**Task details**
Output only the lines below that start at the line containing "Freebie! Halloween Letter" and end at the line containing "GL52 5BQ map", with both ends kept.

**Records for the task**
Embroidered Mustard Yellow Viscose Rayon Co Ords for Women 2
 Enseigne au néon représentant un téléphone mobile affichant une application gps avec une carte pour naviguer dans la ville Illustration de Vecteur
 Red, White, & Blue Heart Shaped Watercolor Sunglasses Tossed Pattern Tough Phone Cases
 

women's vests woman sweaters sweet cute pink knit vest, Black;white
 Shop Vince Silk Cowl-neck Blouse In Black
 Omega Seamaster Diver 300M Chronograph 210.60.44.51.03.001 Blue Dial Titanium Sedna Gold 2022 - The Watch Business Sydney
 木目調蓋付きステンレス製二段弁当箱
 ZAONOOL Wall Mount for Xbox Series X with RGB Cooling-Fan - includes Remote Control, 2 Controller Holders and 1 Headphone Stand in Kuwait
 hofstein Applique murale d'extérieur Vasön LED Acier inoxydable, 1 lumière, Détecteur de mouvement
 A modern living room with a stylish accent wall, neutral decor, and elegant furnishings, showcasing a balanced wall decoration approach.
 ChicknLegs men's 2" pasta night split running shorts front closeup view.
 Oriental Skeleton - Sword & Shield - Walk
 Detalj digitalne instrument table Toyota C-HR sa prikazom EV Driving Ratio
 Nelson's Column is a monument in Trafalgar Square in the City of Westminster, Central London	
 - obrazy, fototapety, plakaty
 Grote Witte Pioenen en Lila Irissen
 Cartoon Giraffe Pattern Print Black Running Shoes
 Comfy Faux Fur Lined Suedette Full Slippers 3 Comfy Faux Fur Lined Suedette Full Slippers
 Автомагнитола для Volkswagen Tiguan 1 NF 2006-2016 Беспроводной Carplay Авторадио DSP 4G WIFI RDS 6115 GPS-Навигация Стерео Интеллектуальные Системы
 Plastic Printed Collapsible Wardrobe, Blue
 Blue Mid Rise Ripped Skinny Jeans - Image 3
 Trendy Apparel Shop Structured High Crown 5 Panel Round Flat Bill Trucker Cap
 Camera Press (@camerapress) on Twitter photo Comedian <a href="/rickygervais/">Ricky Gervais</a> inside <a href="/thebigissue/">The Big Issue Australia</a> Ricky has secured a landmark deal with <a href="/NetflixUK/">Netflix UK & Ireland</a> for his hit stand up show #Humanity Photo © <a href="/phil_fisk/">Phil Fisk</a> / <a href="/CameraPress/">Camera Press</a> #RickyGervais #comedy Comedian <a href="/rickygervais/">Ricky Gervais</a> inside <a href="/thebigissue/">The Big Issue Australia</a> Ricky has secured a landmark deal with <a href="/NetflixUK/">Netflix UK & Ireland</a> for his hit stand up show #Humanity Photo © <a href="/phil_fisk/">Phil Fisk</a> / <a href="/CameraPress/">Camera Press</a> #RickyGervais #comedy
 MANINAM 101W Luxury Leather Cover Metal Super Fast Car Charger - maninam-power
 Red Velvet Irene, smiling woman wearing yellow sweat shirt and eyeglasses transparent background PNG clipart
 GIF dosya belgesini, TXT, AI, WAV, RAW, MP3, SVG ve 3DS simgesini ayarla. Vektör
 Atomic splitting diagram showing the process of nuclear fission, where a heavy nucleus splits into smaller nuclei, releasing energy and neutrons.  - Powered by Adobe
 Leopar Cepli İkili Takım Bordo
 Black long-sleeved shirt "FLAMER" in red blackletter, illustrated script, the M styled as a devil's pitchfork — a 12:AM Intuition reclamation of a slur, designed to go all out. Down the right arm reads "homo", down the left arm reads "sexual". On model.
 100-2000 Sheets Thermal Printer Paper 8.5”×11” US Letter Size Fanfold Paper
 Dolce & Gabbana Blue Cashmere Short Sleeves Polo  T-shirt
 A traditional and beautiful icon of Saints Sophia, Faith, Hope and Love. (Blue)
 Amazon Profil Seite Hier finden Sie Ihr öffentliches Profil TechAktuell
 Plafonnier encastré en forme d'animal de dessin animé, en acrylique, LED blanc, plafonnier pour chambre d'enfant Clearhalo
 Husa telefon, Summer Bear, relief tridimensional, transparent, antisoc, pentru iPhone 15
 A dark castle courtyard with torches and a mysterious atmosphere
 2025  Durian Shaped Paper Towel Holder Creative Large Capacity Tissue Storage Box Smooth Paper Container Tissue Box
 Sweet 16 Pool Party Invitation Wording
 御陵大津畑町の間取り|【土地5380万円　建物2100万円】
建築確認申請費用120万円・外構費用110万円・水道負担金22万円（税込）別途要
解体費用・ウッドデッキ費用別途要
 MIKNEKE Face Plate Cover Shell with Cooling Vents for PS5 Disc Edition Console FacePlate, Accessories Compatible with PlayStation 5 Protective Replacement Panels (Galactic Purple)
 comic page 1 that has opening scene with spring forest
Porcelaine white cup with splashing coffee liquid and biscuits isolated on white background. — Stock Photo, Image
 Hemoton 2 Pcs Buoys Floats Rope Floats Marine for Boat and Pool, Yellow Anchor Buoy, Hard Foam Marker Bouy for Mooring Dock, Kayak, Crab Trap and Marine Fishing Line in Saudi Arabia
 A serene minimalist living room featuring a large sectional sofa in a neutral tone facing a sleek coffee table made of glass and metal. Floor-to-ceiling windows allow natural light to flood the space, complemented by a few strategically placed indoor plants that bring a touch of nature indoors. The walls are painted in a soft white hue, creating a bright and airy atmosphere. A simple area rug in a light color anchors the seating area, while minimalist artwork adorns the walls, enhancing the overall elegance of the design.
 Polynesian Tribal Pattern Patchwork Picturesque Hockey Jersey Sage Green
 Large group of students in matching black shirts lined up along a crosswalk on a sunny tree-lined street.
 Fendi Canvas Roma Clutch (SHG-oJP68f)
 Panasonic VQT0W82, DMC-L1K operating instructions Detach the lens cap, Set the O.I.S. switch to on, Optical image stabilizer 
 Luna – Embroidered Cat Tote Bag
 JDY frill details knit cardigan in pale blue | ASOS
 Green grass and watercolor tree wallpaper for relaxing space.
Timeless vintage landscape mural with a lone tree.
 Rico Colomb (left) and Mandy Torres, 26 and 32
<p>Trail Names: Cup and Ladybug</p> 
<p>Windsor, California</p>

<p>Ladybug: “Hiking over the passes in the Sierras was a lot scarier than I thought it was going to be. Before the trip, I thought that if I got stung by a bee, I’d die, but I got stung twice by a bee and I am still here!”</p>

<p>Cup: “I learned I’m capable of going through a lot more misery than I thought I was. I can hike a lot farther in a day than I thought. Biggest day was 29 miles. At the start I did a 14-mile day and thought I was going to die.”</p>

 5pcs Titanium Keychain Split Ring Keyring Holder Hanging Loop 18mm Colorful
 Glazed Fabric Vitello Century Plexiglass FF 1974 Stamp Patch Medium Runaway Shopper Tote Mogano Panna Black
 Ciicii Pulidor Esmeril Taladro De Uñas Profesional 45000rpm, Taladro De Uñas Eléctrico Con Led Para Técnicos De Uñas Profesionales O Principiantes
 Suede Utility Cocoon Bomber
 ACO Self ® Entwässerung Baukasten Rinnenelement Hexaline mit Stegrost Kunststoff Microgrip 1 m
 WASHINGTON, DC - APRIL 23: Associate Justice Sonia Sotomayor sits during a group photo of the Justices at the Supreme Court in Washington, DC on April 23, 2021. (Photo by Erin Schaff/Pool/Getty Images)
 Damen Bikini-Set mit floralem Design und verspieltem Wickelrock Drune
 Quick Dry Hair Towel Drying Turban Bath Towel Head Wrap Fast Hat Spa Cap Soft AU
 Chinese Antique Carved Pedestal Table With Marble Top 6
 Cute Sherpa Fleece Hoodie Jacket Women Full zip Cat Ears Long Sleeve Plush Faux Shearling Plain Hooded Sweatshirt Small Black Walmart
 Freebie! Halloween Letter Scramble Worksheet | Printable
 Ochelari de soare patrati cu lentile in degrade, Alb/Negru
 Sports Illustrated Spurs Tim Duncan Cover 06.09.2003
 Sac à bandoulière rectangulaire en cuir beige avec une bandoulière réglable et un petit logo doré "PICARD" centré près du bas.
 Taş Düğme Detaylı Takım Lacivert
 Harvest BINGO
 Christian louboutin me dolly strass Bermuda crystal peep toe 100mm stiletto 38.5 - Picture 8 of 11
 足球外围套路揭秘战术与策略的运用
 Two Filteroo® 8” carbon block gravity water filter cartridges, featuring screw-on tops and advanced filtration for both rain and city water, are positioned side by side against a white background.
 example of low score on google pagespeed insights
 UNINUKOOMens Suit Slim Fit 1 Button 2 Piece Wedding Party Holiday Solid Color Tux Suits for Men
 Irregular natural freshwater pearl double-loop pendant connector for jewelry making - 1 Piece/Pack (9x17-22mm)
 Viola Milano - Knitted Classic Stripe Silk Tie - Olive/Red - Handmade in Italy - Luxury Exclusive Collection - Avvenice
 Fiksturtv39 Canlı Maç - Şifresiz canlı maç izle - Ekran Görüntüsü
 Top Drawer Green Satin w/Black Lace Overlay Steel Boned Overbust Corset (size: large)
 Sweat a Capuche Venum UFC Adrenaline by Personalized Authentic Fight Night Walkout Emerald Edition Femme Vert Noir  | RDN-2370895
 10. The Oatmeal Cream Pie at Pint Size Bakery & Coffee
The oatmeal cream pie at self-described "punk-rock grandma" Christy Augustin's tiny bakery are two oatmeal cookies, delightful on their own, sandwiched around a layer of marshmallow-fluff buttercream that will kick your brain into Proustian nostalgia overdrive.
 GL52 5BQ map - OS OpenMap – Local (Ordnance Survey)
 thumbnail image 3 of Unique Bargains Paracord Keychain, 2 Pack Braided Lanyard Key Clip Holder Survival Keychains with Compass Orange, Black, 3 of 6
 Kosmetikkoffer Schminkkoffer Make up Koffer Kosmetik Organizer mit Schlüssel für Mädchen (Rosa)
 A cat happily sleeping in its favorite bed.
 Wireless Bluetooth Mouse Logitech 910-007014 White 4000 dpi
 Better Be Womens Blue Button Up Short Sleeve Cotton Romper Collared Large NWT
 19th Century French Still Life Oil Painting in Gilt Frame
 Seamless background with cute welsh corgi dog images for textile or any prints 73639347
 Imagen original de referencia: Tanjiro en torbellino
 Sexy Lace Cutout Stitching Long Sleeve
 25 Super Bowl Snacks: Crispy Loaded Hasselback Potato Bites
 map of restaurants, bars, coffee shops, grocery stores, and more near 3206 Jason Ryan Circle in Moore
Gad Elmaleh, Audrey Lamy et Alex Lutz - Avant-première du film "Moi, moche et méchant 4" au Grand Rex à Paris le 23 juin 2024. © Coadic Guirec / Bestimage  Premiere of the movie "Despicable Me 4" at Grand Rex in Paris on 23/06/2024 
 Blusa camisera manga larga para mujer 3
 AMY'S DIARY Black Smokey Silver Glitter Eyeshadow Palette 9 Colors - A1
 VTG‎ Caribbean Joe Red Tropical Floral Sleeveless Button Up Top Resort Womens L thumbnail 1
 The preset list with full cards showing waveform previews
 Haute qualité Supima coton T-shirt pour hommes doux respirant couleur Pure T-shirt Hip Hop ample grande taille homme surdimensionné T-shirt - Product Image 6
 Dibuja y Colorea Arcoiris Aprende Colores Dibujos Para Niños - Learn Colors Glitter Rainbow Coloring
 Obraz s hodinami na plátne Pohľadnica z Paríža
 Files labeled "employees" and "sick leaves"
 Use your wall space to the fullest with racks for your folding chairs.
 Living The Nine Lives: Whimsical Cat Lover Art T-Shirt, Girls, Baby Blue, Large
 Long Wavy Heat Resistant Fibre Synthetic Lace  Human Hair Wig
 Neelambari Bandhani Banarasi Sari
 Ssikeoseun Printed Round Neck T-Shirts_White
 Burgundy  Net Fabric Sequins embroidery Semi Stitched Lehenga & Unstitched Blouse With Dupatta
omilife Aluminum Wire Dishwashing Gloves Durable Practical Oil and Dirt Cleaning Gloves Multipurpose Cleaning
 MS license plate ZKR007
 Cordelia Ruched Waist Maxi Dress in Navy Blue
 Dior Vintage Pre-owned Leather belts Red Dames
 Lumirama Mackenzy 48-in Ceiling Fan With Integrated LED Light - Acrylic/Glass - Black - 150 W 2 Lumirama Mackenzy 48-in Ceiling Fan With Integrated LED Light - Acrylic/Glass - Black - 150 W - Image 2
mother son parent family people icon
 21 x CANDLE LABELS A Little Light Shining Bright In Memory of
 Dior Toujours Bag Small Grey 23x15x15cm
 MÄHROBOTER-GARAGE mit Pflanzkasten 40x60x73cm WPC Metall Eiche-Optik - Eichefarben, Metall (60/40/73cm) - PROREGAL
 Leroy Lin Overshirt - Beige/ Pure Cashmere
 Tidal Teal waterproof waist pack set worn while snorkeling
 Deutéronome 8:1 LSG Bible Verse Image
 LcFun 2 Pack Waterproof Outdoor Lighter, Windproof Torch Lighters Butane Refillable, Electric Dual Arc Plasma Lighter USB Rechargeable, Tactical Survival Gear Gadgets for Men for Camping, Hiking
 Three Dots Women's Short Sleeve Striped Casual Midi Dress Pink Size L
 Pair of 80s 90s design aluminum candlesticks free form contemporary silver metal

**Output for this exercise**
 Freebie! Halloween Letter Scramble Worksheet | Printable
 Ochelari de soare patrati cu lentile in degrade, Alb/Negru
 Sports Illustrated Spurs Tim Duncan Cover 06.09.2003
 Sac à bandoulière rectangulaire en cuir beige avec une bandoulière réglable et un petit logo doré "PICARD" centré près du bas.
 Taş Düğme Detaylı Takım Lacivert
 Harvest BINGO
 Christian louboutin me dolly strass Bermuda crystal peep toe 100mm stiletto 38.5 - Picture 8 of 11
 足球外围套路揭秘战术与策略的运用
 Two Filteroo® 8” carbon block gravity water filter cartridges, featuring screw-on tops and advanced filtration for both rain and city water, are positioned side by side against a white background.
 example of low score on google pagespeed insights
 UNINUKOOMens Suit Slim Fit 1 Button 2 Piece Wedding Party Holiday Solid Color Tux Suits for Men
 Irregular natural freshwater pearl double-loop pendant connector for jewelry making - 1 Piece/Pack (9x17-22mm)
 Viola Milano - Knitted Classic Stripe Silk Tie - Olive/Red - Handmade in Italy - Luxury Exclusive Collection - Avvenice
 Fiksturtv39 Canlı Maç - Şifresiz canlı maç izle - Ekran Görüntüsü
 Top Drawer Green Satin w/Black Lace Overlay Steel Boned Overbust Corset (size: large)
 Sweat a Capuche Venum UFC Adrenaline by Personalized Authentic Fight Night Walkout Emerald Edition Femme Vert Noir  | RDN-2370895
 10. The Oatmeal Cream Pie at Pint Size Bakery & Coffee
The oatmeal cream pie at self-described "punk-rock grandma" Christy Augustin's tiny bakery are two oatmeal cookies, delightful on their own, sandwiched around a layer of marshmallow-fluff buttercream that will kick your brain into Proustian nostalgia overdrive.
 GL52 5BQ map - OS OpenMap – Local (Ordnance Survey)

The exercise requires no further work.